Your objective
Could you output each line below exactly as it appears, excluding any pictures?

Source material

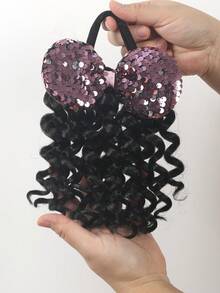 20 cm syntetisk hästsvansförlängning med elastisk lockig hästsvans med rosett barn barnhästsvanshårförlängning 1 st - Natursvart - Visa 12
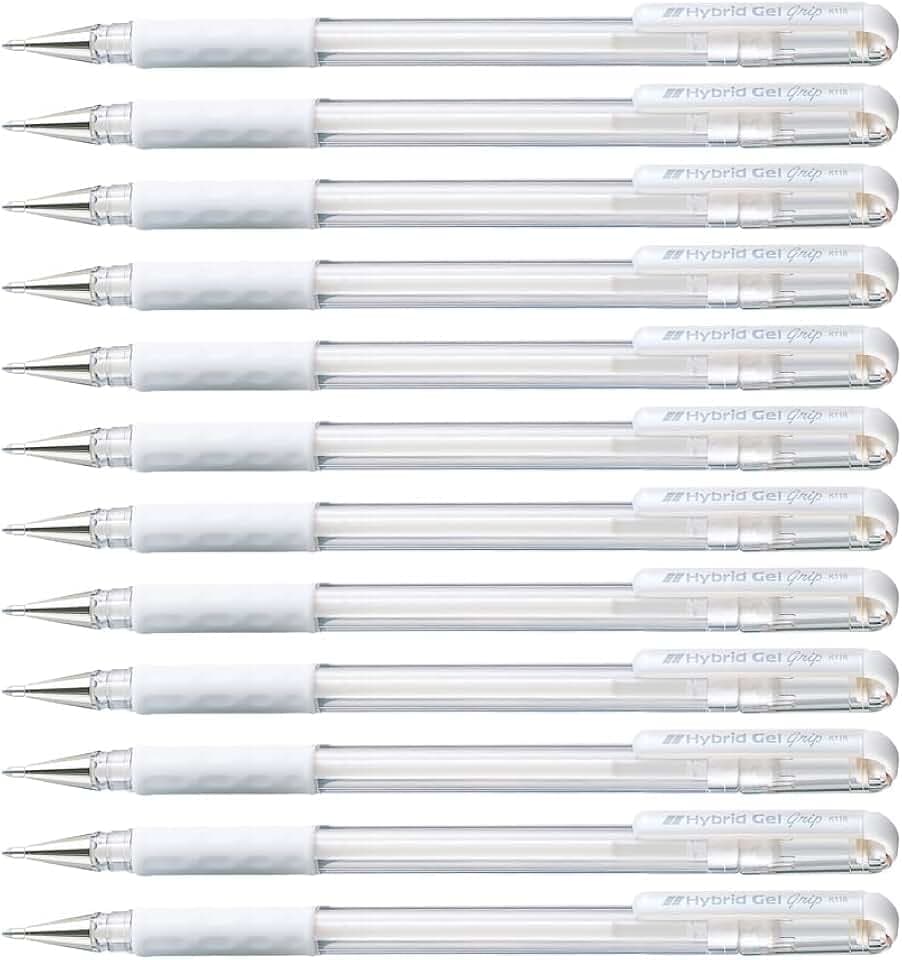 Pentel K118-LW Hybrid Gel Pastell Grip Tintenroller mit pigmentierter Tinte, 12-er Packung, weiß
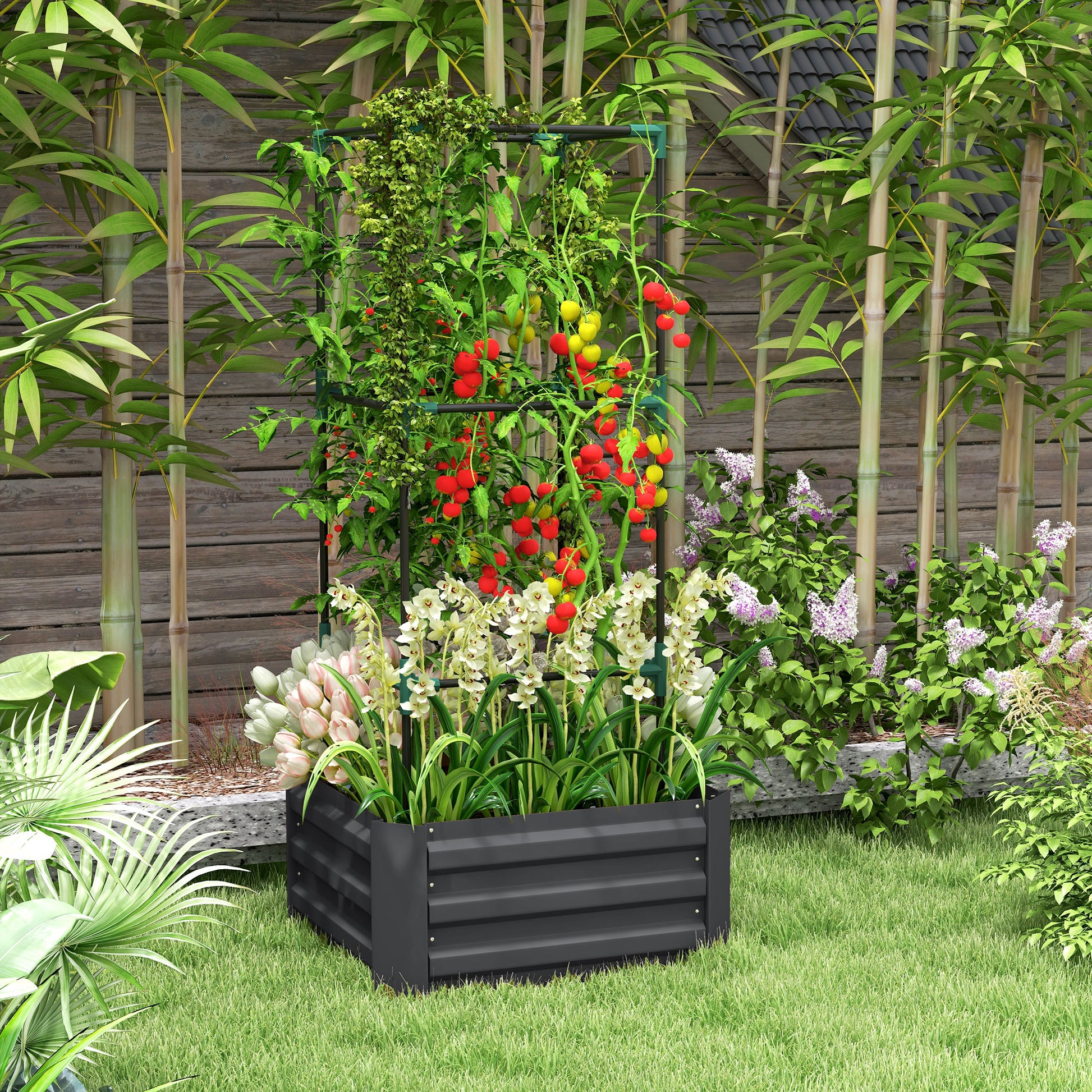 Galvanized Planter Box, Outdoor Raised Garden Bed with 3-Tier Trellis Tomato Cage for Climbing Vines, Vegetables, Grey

Exercise response
 20 cm syntetisk hästsvansförlängning med elastisk lockig hästsvans med rosett barn barnhästsvanshårförlängning 1 st - Natursvart - Visa 12
 Pentel K118-LW Hybrid Gel Pastell Grip Tintenroller mit pigmentierter Tinte, 12-er Packung, weiß
 Galvanized Planter Box, Outdoor Raised Garden Bed with 3-Tier Trellis Tomato Cage for Climbing Vines, Vegetables, Grey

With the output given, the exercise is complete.